_TASK TO CARRY OUT_: Copy the data verbatim and leave out every picture.

_DATASET EXTRACT_:
>>>

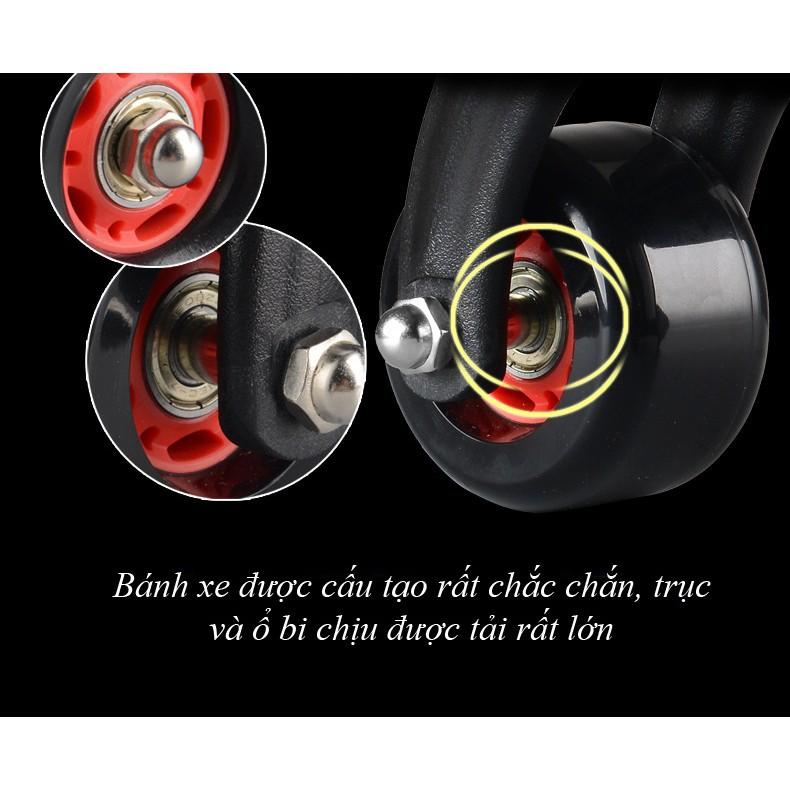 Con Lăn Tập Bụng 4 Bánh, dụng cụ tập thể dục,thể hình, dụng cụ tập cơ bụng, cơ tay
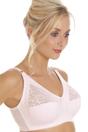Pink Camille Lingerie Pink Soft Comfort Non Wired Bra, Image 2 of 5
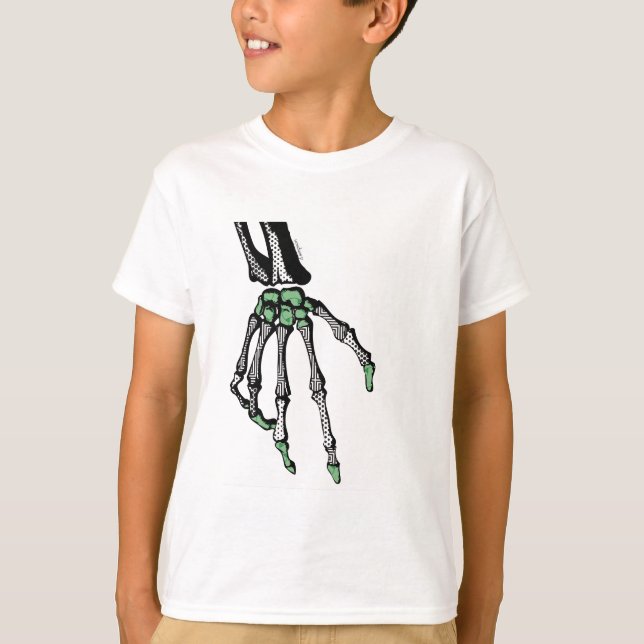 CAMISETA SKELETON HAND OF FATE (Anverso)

<<<

_RESULT_:
 Con Lăn Tập Bụng 4 Bánh, dụng cụ tập thể dục,thể hình, dụng cụ tập cơ bụng, cơ tay
Pink Camille Lingerie Pink Soft Comfort Non Wired Bra, Image 2 of 5
 CAMISETA SKELETON HAND OF FATE (Anverso)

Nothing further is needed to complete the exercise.